Los humanos no podemos decir que nuestra vida no tenga relación con el saber. Afortunadamente el saber nos ha permitido llegar hasta donde hoy estamos, los logros del hombre en la historia pasan por la conquista de un saber, pero no un saber del instinto, no es un saber que se hereda genéticamente, es un saber hecho de palabras y éstas se traducen en consecuencias directas para la vida humana. Cuando Freud se ve enfrentado al cuerpo de las histéricas en la Salpetriêre constata un cuerpo desobediente -y por cierto, extrae un saber de ello-, que no se rige por leyes naturales, y cuando el protagonista del relato ignora cuán insignificante es su materia orgánica en un paraje de temperaturas inferiores a 50º bajo cero, rechazando acatar lo que la autoconservación le ordena, nos damos cuenta de cómo el cuerpo no forma unidad con el sujeto, el cuerpo desobedece las leyes de la medicina, el cuerpo está aquejado de síntomas de los que el saber médico no puede dar cuenta, y la pregunta por la causa de dichos síntomas obtendrá una respuesta u otra dependiendo de la posición ética del sujeto en la persona del médico.

Creo que podemos caer en la tentación de atribuir a nuestro personaje cierta dosis de masoquismo, un gusto por el sufrimiento mal dosificado, se le habría ido la mano y la sobredosis de sufrimiento se lo llevó por delante, atribuyéndole así una intención mortífera que aligeraría un poco el drama: mira, pues él se lo ha buscado, ganas de sufrir. Lo verdaderamente dramático reside en el hecho de pensarlo por fuera de su intencionalidad, como algo que lo sorprende y que hace vanos sus esfuerzos cuando ya es demasiado tarde, una estúpida manera de encontrar la muerte cuando el sujeto no quería morir. En este sentido cabría diferenciar al menos dos estatutos de la angustia en el personaje de London, la angustia como señal, como miedo ante la precipitación cada vez más irreversible de los acontecimientos, presente en la parte central del relato, y la angustia como real, que está presente hacia el final y se desliza en esas imágenes de su propio cuerpo como no perteneciéndole, no le responde, el enamoramiento cegador de la propia imagen cae y el sujeto se ve reducido a su propio cuerpo, porque la naturaleza es inexorable en ese sentido y siempre vence la batalla contra la palabra.

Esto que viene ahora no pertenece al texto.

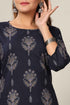 Miravan Womens Blue and Grey Printed Pure Cotton Kurta With Sharara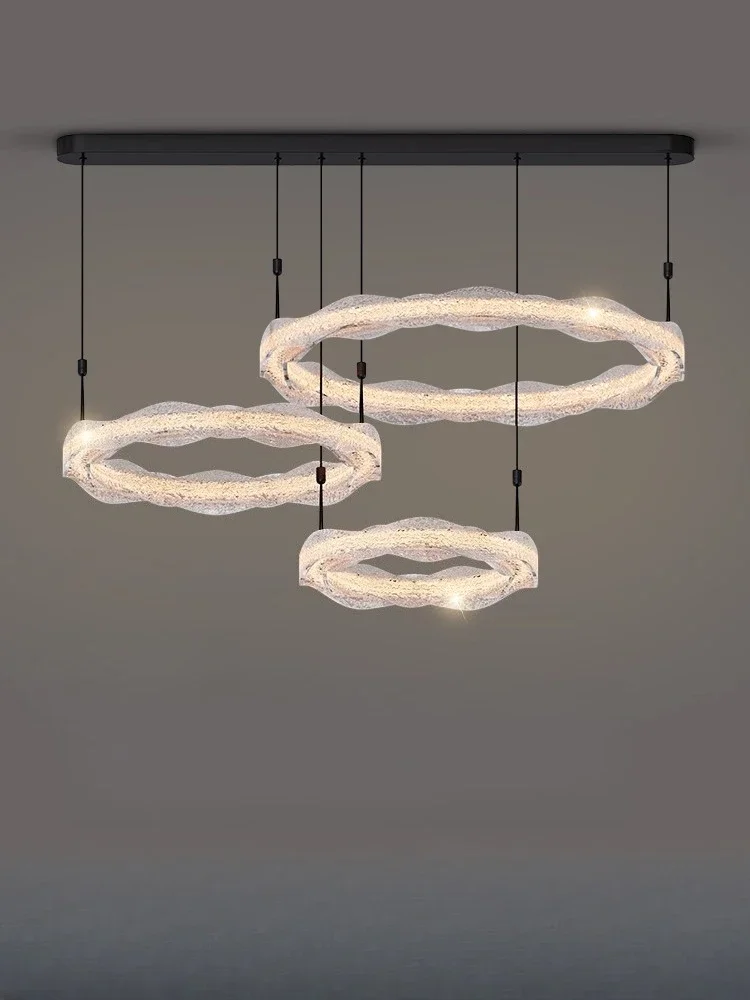 الحديثة الفاخرة الثريا الإيطالية الفنية الراتنج حلقة مستديرة غرفة المعيشة ضوء السقف العناية بالعين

Somos una paradoja, y de esta me serví hoy para tratar de mostrarles que en el ser humano la pérdida irreparable de la brújula que ofrecería el instinto es por culpa de las palabras que nos constituyen, pero a la vez, son ellas las responsables de que defendamos una posibilidad de supervivencia para el ser humano ante las implacables leyes de una naturaleza que nos amenaza con toda su potencia mortífera.

En realidad nos han repetido aquello de la verdad os hará libres, lo que no nos contaron es que estamos presos en ella, presos de una verdad hecha de palabras, hasta el fin de nuestros días.